Qu’à mourir elle sera prête,

La Commune se lèvera.

Nous reviendrons foule sans nombre,

Nous viendrons par tous les chemins,

Spectres vengeurs sortant de l’ombre,

Nous viendrons nous serrant les mains.

La mort portera la bannière ;

Le drapeau noir crêpe de sang ;

Et pourpre fleurira la terre,

Libre sous le ciel flamboyant.

(L. M., Chanson des prisons, mai 71.)

 

La Commune à l’heure actuelle est au point pour l’histoire.

Les faits, à cette distance de vingt-cinq années, se dessinent, se groupent sous leur véritable aspect.

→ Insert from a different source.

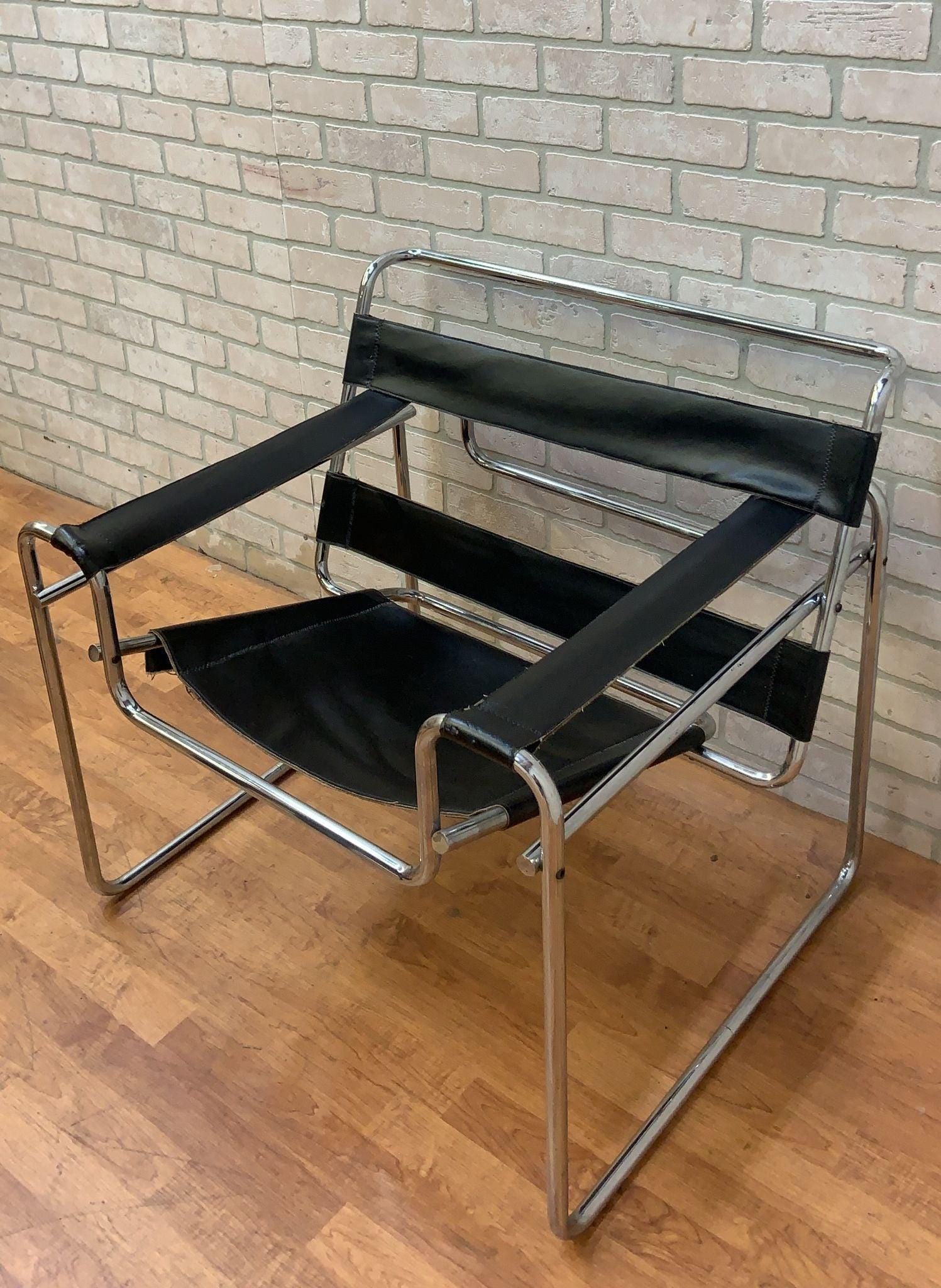 Mid Century Modern Wassily Armchair Attributed to Marcel Breuer - Pair - 4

Dans les lointains de l’horizon, les événements s’amoncellent de la même manière aujourd’hui avec cette différence, qu’alors, surtout la France s’éveillait, et qu’aujourd’hui c’est le monde.

Quelques années avant sa fin, l’Empire râlant s’accrochait à tout, à la touffe d’herbe comme au rocher ; le rocher lui-même croulait ; l’Empire, les griffes saignantes, s’accrochait toujours, n’ayant plus au-dessous de lui que l’abîme, il durait encore.

La défaite, fut la montagne qui tombant avec lui l’écrasa.

Entre Sedan et le temps où nous sommes, les choses sont spectrales et nous-mêmes sommes des spectres ayant vécu à travers tant de morts.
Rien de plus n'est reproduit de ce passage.